Caption-style text data:
--------
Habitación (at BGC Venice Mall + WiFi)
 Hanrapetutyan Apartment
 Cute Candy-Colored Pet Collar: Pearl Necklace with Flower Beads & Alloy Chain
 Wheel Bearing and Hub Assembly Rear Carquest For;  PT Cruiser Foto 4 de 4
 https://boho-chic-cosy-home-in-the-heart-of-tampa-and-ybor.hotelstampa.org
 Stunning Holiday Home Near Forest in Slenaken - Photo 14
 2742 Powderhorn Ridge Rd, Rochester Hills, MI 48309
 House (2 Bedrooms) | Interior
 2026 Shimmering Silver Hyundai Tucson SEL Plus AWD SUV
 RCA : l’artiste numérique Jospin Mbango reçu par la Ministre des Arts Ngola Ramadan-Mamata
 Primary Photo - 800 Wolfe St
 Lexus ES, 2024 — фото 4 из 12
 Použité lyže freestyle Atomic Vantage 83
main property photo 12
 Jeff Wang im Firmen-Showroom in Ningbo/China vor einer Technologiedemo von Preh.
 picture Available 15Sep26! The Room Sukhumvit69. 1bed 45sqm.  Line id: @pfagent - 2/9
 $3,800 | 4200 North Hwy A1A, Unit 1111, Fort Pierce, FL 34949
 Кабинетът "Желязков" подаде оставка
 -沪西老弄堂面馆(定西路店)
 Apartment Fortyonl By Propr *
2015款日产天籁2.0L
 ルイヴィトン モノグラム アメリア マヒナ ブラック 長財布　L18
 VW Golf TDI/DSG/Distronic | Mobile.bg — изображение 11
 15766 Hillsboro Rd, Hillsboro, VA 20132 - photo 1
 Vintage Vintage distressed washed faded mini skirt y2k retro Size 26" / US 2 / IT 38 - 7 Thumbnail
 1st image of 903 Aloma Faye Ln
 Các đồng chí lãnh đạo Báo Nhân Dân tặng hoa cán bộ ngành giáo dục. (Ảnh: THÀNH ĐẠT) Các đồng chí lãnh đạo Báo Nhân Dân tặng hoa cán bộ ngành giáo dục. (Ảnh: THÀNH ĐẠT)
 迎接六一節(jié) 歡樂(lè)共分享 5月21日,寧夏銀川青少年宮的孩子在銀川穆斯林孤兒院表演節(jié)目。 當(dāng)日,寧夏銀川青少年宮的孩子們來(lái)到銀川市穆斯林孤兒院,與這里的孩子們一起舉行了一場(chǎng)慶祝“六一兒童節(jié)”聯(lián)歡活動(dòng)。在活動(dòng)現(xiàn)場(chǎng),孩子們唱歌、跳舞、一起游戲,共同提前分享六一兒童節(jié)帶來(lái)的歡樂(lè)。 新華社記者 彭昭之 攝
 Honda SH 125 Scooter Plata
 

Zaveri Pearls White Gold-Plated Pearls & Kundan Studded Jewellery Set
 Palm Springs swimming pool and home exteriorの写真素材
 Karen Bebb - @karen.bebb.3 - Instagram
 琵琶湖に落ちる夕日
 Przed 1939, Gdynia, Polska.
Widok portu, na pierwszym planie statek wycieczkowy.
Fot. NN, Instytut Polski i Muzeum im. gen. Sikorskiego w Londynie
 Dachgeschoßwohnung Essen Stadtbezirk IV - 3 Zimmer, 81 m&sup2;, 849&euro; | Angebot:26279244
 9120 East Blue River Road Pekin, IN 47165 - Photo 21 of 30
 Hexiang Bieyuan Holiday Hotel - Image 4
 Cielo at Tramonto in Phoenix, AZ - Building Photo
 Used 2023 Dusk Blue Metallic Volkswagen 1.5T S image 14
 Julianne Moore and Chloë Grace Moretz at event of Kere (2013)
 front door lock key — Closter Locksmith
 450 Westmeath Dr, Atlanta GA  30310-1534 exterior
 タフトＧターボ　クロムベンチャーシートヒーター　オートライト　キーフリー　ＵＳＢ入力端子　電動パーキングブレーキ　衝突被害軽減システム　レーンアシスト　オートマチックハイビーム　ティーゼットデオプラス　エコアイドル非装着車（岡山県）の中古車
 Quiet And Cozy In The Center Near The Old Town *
--------
◆ **ASSIGNED TASK**
Each of the entries above is to be repeated exactly.

◆ **RESPONSE BELOW**
Habitación (at BGC Venice Mall + WiFi)
 Hanrapetutyan Apartment
 Cute Candy-Colored Pet Collar: Pearl Necklace with Flower Beads & Alloy Chain
 Wheel Bearing and Hub Assembly Rear Carquest For;  PT Cruiser Foto 4 de 4
 https://boho-chic-cosy-home-in-the-heart-of-tampa-and-ybor.hotelstampa.org
 Stunning Holiday Home Near Forest in Slenaken - Photo 14
 2742 Powderhorn Ridge Rd, Rochester Hills, MI 48309
 House (2 Bedrooms) | Interior
 2026 Shimmering Silver Hyundai Tucson SEL Plus AWD SUV
 RCA : l’artiste numérique Jospin Mbango reçu par la Ministre des Arts Ngola Ramadan-Mamata
 Primary Photo - 800 Wolfe St
 Lexus ES, 2024 — фото 4 из 12
 Použité lyže freestyle Atomic Vantage 83
main property photo 12
 Jeff Wang im Firmen-Showroom in Ningbo/China vor einer Technologiedemo von Preh.
 picture Available 15Sep26! The Room Sukhumvit69. 1bed 45sqm.  Line id: @pfagent - 2/9
 $3,800 | 4200 North Hwy A1A, Unit 1111, Fort Pierce, FL 34949
 Кабинетът "Желязков" подаде оставка
 -沪西老弄堂面馆(定西路店)
 Apartment Fortyonl By Propr *
2015款日产天籁2.0L
 ルイヴィトン モノグラム アメリア マヒナ ブラック 長財布　L18
 VW Golf TDI/DSG/Distronic | Mobile.bg — изображение 11
 15766 Hillsboro Rd, Hillsboro, VA 20132 - photo 1
 Vintage Vintage distressed washed faded mini skirt y2k retro Size 26" / US 2 / IT 38 - 7 Thumbnail
 1st image of 903 Aloma Faye Ln
 Các đồng chí lãnh đạo Báo Nhân Dân tặng hoa cán bộ ngành giáo dục. (Ảnh: THÀNH ĐẠT) Các đồng chí lãnh đạo Báo Nhân Dân tặng hoa cán bộ ngành giáo dục. (Ảnh: THÀNH ĐẠT)
 迎接六一節(jié) 歡樂(lè)共分享 5月21日,寧夏銀川青少年宮的孩子在銀川穆斯林孤兒院表演節(jié)目。 當(dāng)日,寧夏銀川青少年宮的孩子們來(lái)到銀川市穆斯林孤兒院,與這里的孩子們一起舉行了一場(chǎng)慶祝“六一兒童節(jié)”聯(lián)歡活動(dòng)。在活動(dòng)現(xiàn)場(chǎng),孩子們唱歌、跳舞、一起游戲,共同提前分享六一兒童節(jié)帶來(lái)的歡樂(lè)。 新華社記者 彭昭之 攝
 Honda SH 125 Scooter Plata
 

Zaveri Pearls White Gold-Plated Pearls & Kundan Studded Jewellery Set
 Palm Springs swimming pool and home exteriorの写真素材
 Karen Bebb - @karen.bebb.3 - Instagram
 琵琶湖に落ちる夕日
 Przed 1939, Gdynia, Polska.
Widok portu, na pierwszym planie statek wycieczkowy.
Fot. NN, Instytut Polski i Muzeum im. gen. Sikorskiego w Londynie
 Dachgeschoßwohnung Essen Stadtbezirk IV - 3 Zimmer, 81 m&sup2;, 849&euro; | Angebot:26279244
 9120 East Blue River Road Pekin, IN 47165 - Photo 21 of 30
 Hexiang Bieyuan Holiday Hotel - Image 4
 Cielo at Tramonto in Phoenix, AZ - Building Photo
 Used 2023 Dusk Blue Metallic Volkswagen 1.5T S image 14
 Julianne Moore and Chloë Grace Moretz at event of Kere (2013)
 front door lock key — Closter Locksmith
 450 Westmeath Dr, Atlanta GA  30310-1534 exterior
 タフトＧターボ　クロムベンチャーシートヒーター　オートライト　キーフリー　ＵＳＢ入力端子　電動パーキングブレーキ　衝突被害軽減システム　レーンアシスト　オートマチックハイビーム　ティーゼットデオプラス　エコアイドル非装着車（岡山県）の中古車
 Quiet And Cozy In The Center Near The Old Town *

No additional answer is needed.